The Department of Agriculture last month certified China as eligible to export processed chicken meat to the United States -- but with one caveat. The chicken has to be American.

In other words, American chicken will travel across the ocean once and return cooked and canned - to be sent on its way to a supermarket shelf near you.

The U.S. is the world's largest poultry producer. Almost all of the chicken consumed by Americans last year, valued at $50 billion, was produced domestically at about 30,000 chicken farms across the country. Total chicken production in 2005 totaled about 35 billion pounds.

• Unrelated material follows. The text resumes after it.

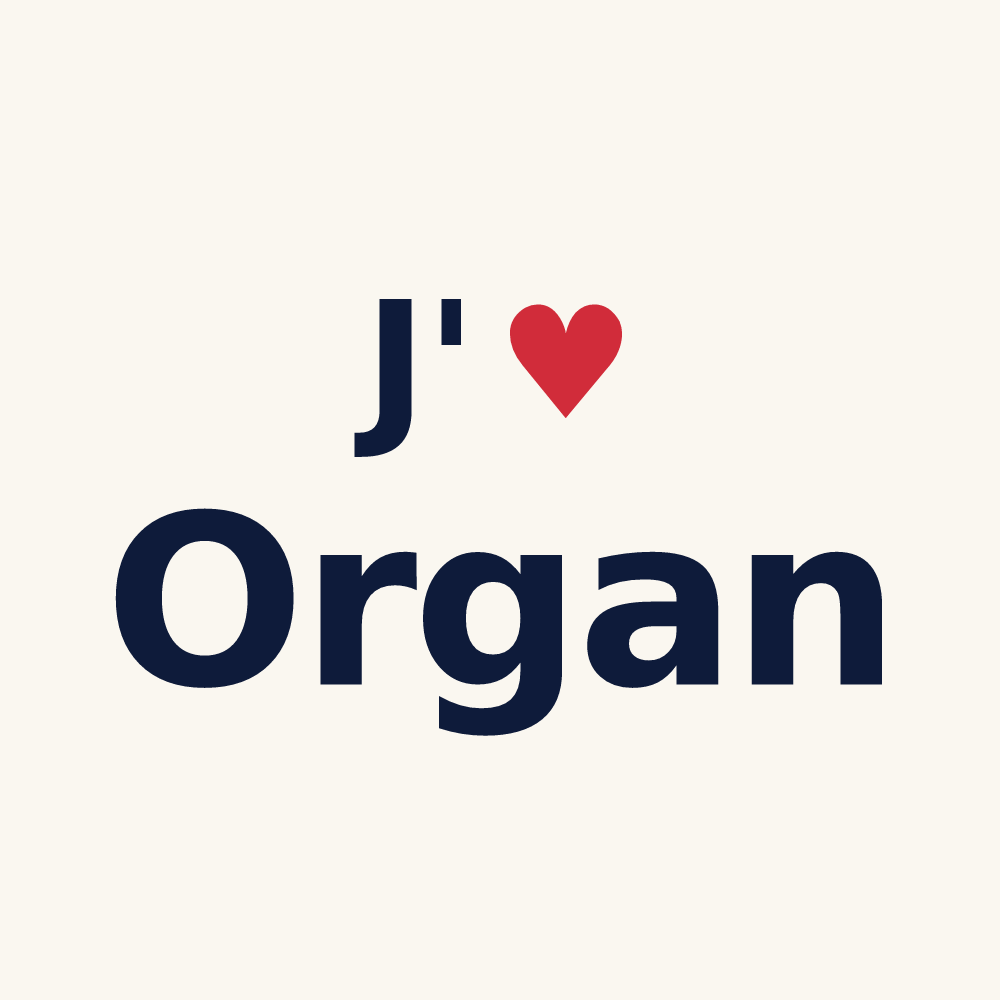 Tasse personnalisée Organ — design J'aime Organ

If the U.S. is already self-sufficient in meeting its own chicken demand, what's the economic rationale behind this China deal?

A bird-brained idea?

Some trade experts said the chicken deal could have been an effort by Washington to offer something to Beijing as U.S. officials keep pressing the Chinese on the value of their currency and other trade issues. The U.S. runs a bigger trade deficit with China than any other country.

Parr Rosson, an agricultural economist with Texas A&M University, said he was hard-pressed to spot the benefits to U.S. consumers and producers.

Paul Aho, an economist who studies the poultry industry, agreed. He said canned chicken represents less than 1 percent of the poultry industry. "On the U.S. side, this deal doesn't even matter," he said.

Even the DOA acknowledged in a report that the volume of trade stimulated by the deal - estimated at 2.5 to 6 million pounds of processed American chicken - was so small as to have "little effect on supply and prices." But the deal could affect U.S. producers "in the form of greater competition from China."

Aho said he doesn't see many advantages to the U.S. but there are some potential benefits to China.

"The Chinese tend to think long-term. This certification almost acts as a stamp of approval and gives them leverage to negotiate trade for their chicken with other countries," Aho said, noting China cannot currently export chicken products to the United States.

What does the U.S. poultry industry think?

Richard Lobb, spokesman for the National Chicken Council, said the council isn't "opposed to the deal or in favor of it" although he did disclose that the group has gotten more calls recently about the chicken deal than about the Avian Flu.

"This is not an idea that we proposed nor was it proposed by any of our members," he said. "It came from the Chinese government."

China was the third-largest export market for U.S. poultry last year behind Russia and Mexico, importing some 156,000 tons of chicken. Given the sizeable import volume, Lobb said, China was probably interested in trying to level the playing field somewhat by exporting more to the U.S.

Ruffled feathers in Congress

Steven Cohen, spokesman for the Agriculture Department's Food Safety and Inspection Service (FSIS), said the agency undertook an evaluation of China's certification after China's requested approval to export poultry products to the United States.

The rule takes effect on May 24. Technically, China can start to crank up its processing plants soon. But word of the deal has ruffled a few feathers in Congress.

Rep. Rosa DeLauro (D-Conn.) sponsored an amendment to the 2007 agricultural spending bill to block any government spending that would support implementing the new rule.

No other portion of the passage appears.